Although FISTA is superior to ISTA both on theoretical results and numerical performance, a common observation when running FISTA is the appearance of ripples or bumps in the trace of objective value near the optimal solution. Using a spectral analysis, Tao et al. (2016) have shown that FISTA slows down compared to ISTA when close enough to the optimal solution. To improve the convergence rate of FISTA, they switch to ISTA toward the end of the iteration process. On the other hand, O’Donoghue and Candès (2015) have proposed restart schemes for FISTA to avoid rippling behaviors. Moreover, Wen et al. (2017) have obtained a linear convergence rate of the sequence generated by FISTA with a fixed restart.

In contrast to the theoretical superiority on the global convergence rate, there is no result on the local convergence behavior demonstrating that FISTA is superior to ISTA. In this paper, utilizing the structure of measurement matrix A on the LASSO problem, we prove that FISTA has a better linear convergence rate than ISTA. We further observe that the convergence rate of FISTA is closely related to the acceleration parameters. Then the acceleration and regularization parameter setting strategies are proposed. A series of numerical experiments including signal processing and CT image reconstruction is carried out to compare ISTA with FISTA under different acceleration and regularization parameters. Moreover, we adopt the function restart scheme on FISTA to reconstruct CT images. The numerical experiments are consistent with our theoretical results.

The rest of this paper is organized as follows. In Sect. 2, some basic preliminaries are given. Then we prove a faster linear convergence rate of FISTA compared to ISTA in Sect. 3. Furthermore, in Sect. 4, we present some useful parameter setting strategies of FISTA. In Sect. 5, a series of numerical experiments are carried out, including signal recovery and CT image reconstruction, to show the effectiveness of FISTA. We conclude this paper in Sect. 6.

2 Preliminaries

In this section, we review the optimality conditions of the LASSO problem and the corresponding ISTA and FISTA, which then serve as the basis of further analysis in the following sections.
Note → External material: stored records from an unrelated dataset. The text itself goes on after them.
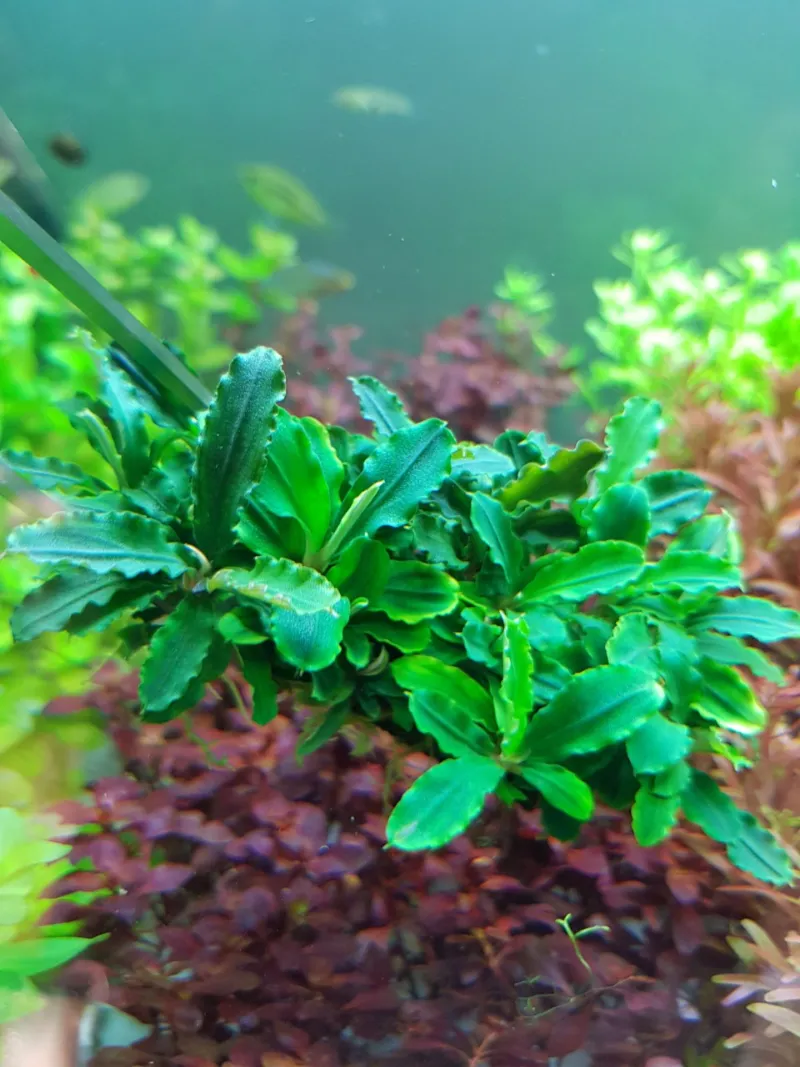 Cây Bucep với lá đa dạng về màu sắc và hình dạng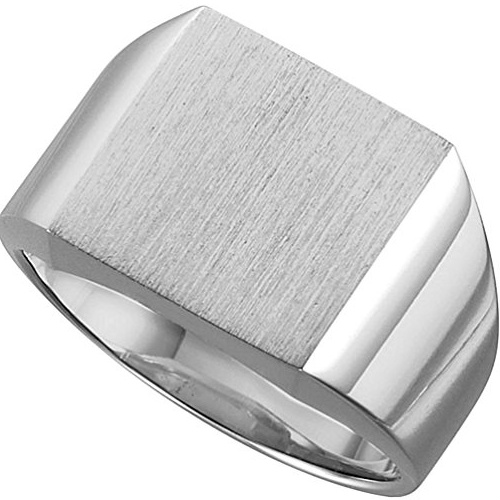 Palladium 4k White Gold Flat Top Signet Ring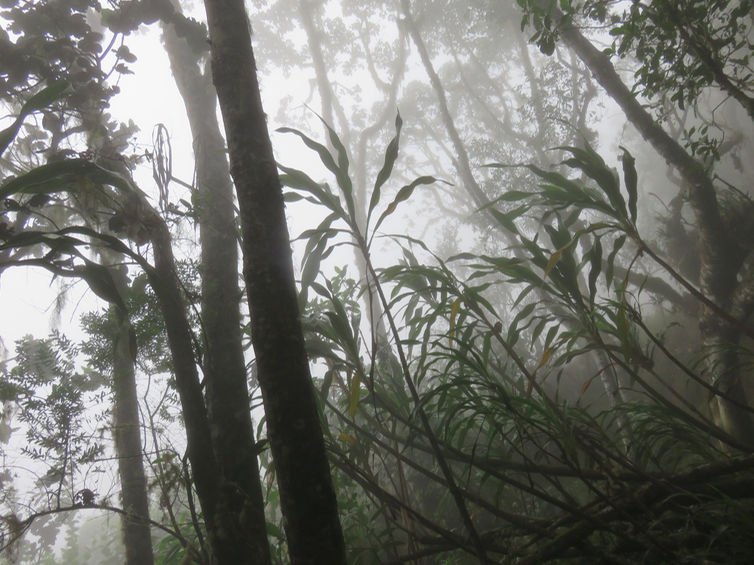 Cordyline mauritiana - Canne marron - LILIACEAE -E RM dans la forêt de Mapous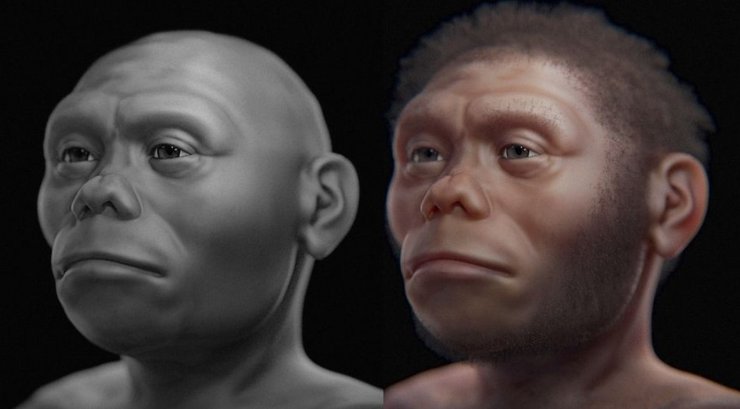 Homo floresiensis, хоббит, реконструкция лица, череп, палеореконструкция, 3D-моделирование, реконструкция лица по черепу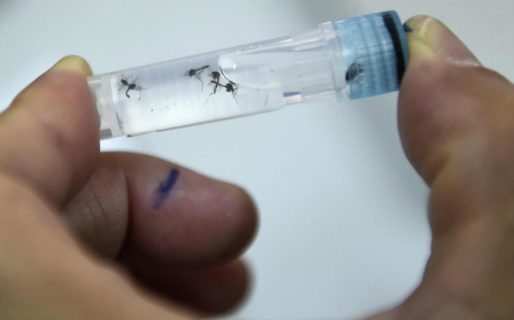 Argentina llega a un pico de dengue con 14 mil infectados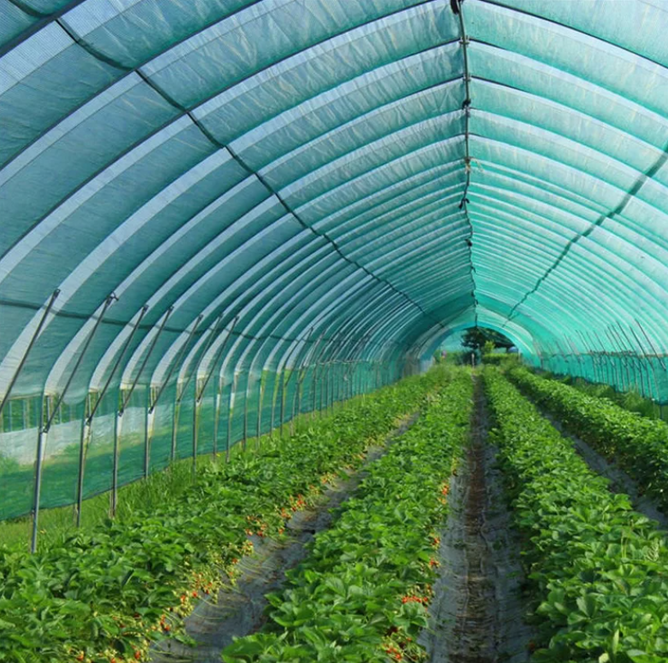 Сітка затіняюча Agreen 85% 4,0*10 м, 10 м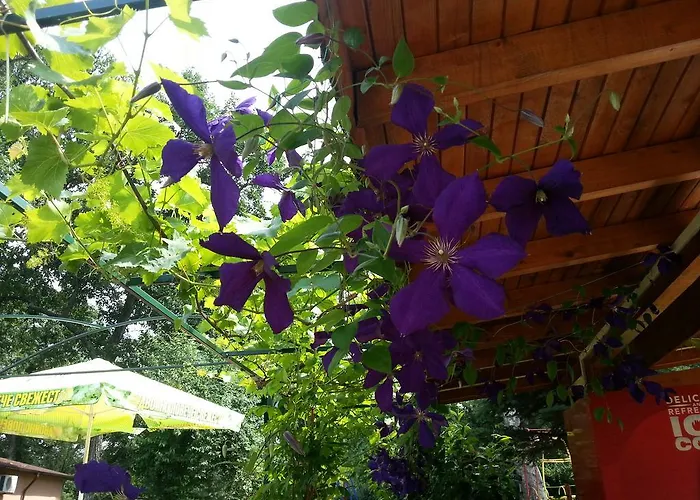 Parque de vacaciones туристически комплекс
The first-order KKT optimality conditions for the LASSO problem are

$$\begin{aligned} A^{\top }(\varvec{b}-A\varvec{x})=\lambda \nu , \end{aligned}$$

where each component of \(\nu \) satisfies:

$$\begin{aligned} {\left\{ \begin{array}{ll} \nu _{i}=\text {sign}(x_i), &{}\quad \text {if} \ x_i\ne 0,\\ -1\le \nu _{i}\le 1, &{}\quad \text {if} \ x_i= 0, \end{array}\right. }\quad \text {for} \ i=1, 2,\ldots ,n. \end{aligned}$$

Here the “sign” function is defined as:

$$\begin{aligned} \text {sign}(u):= {\left\{ \begin{array}{ll} 1,&{}\quad u>0,\\ 0,&{}\quad u=0,\\ -1,&{}\quad u<0. \end{array}\right. } \end{aligned}$$

In the following, we review the basic iterations of ISTA and FISTA for the LASSO problem. The basic step of ISTA can be reduced to

$$\begin{aligned} \begin{aligned} \varvec{x}^{n+1}&=\arg \min _{\varvec{x}}\left\{ \lambda \Vert \varvec{x}\Vert _{1}+\frac{L}{2}\left\| \varvec{x}-\left( \varvec{x}^{n}-\frac{1}{L}(A^{\top }A\varvec{x}^{n}-A^{\top }\varvec{b})\right) \right\| ^{2}\right\} \\&=\text {shr}_{\lambda /L}\left( \left( I-\frac{1}{L}A^{\top }A\right) \varvec{x}^{n}+\frac{1}{L}A^{\top }\varvec{b}\right) \end{aligned} \end{aligned}$$

where

$$\begin{aligned} \begin{aligned} \text {shr}_{a}(u)&=\text {sign}(u)\max \{|u|-a, 0\}\\&={\left\{ \begin{array}{ll} \text {sign}(u)(|u|-a), &{}\quad \text {if} \ |u|>a,\\ 0, &{}\quad \text {otherwise},\end{array}\right. } \end{aligned} \end{aligned}$$

and L is the given constant which is greater than or equal to \(\Vert A^{\top }A\Vert \).

figure a

As for FISTA, the difference from ISTA is that the shrinkage operator is not employed on the previous point \(\varvec{x}^{n-1}\) but another point \(\varvec{y}^{n}\), which uses a very specified linear combination of the previous two points \(\{\varvec{x}^{n-1}, \varvec{x}^{n-2}\}\). The procedure of FISTA is presented as below.

figure b

For simplicity, \(\Vert \cdot \Vert \) denotes the Euclidean norm. The support of \(\varvec{x}\in \mathbb {R}^{n}\) is \(\text {supp}(\varvec{x}):=\{i: |x_{i}|\ne 0, i=1, 2, \ldots ,n\}\). For any symmetric matrix \(B\in \mathbb {R}^{n\times n}\), we denote its maximum and minimum eigenvalues respectively as \(\sigma _{\text {max}}(B)\) and \(\sigma _{\text {min}}(B)\). I is the identity matrix. For any matrix \(A, B\in \mathbb {R}^{n\times n}\), \(A\succeq B\) if and only if \(A-B\) is a positive semidefinite matrix. For any index set S, we denote \(B_{S}\) as the submatrix of B with the columns restricted to S and \(\varvec{x}_{S}\) as the subvector consisting of only the components \(x_{i}, i\in S\). \(S^{c}\) represents the complementary set of S.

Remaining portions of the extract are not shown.